Work task
Search the data for the word "фото" and copy out every line that has it.
########################################
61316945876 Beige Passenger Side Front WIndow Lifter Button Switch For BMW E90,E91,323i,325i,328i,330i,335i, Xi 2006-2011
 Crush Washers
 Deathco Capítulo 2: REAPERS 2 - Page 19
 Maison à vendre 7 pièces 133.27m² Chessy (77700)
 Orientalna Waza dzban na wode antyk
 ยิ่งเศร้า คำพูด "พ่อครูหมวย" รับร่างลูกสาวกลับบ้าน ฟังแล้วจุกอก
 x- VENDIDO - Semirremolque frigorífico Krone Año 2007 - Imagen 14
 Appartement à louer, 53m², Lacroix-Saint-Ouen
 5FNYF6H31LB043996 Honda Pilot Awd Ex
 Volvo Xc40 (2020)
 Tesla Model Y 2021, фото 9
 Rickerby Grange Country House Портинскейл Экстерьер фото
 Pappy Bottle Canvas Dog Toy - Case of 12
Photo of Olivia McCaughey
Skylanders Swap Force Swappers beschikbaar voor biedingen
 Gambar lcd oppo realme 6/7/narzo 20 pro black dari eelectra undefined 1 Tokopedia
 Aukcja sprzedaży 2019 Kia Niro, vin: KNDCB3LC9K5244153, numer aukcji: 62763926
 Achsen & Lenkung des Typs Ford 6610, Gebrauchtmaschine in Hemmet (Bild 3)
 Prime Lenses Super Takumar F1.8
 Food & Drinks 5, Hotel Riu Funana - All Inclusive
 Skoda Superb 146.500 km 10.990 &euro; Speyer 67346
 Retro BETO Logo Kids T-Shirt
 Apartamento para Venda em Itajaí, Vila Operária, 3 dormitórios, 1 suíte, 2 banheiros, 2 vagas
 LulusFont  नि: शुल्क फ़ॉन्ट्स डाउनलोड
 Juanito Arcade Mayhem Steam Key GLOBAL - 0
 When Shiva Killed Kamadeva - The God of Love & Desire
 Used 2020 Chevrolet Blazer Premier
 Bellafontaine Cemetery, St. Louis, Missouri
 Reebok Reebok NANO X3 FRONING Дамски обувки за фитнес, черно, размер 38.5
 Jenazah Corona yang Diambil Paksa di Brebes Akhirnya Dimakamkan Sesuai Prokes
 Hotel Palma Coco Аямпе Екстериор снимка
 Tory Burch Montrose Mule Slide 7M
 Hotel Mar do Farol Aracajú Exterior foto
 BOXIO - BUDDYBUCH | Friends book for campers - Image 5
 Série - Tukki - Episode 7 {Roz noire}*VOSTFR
########################################
Written solution
 Tesla Model Y 2021, фото 9
 Rickerby Grange Country House Портинскейл Экстерьер фото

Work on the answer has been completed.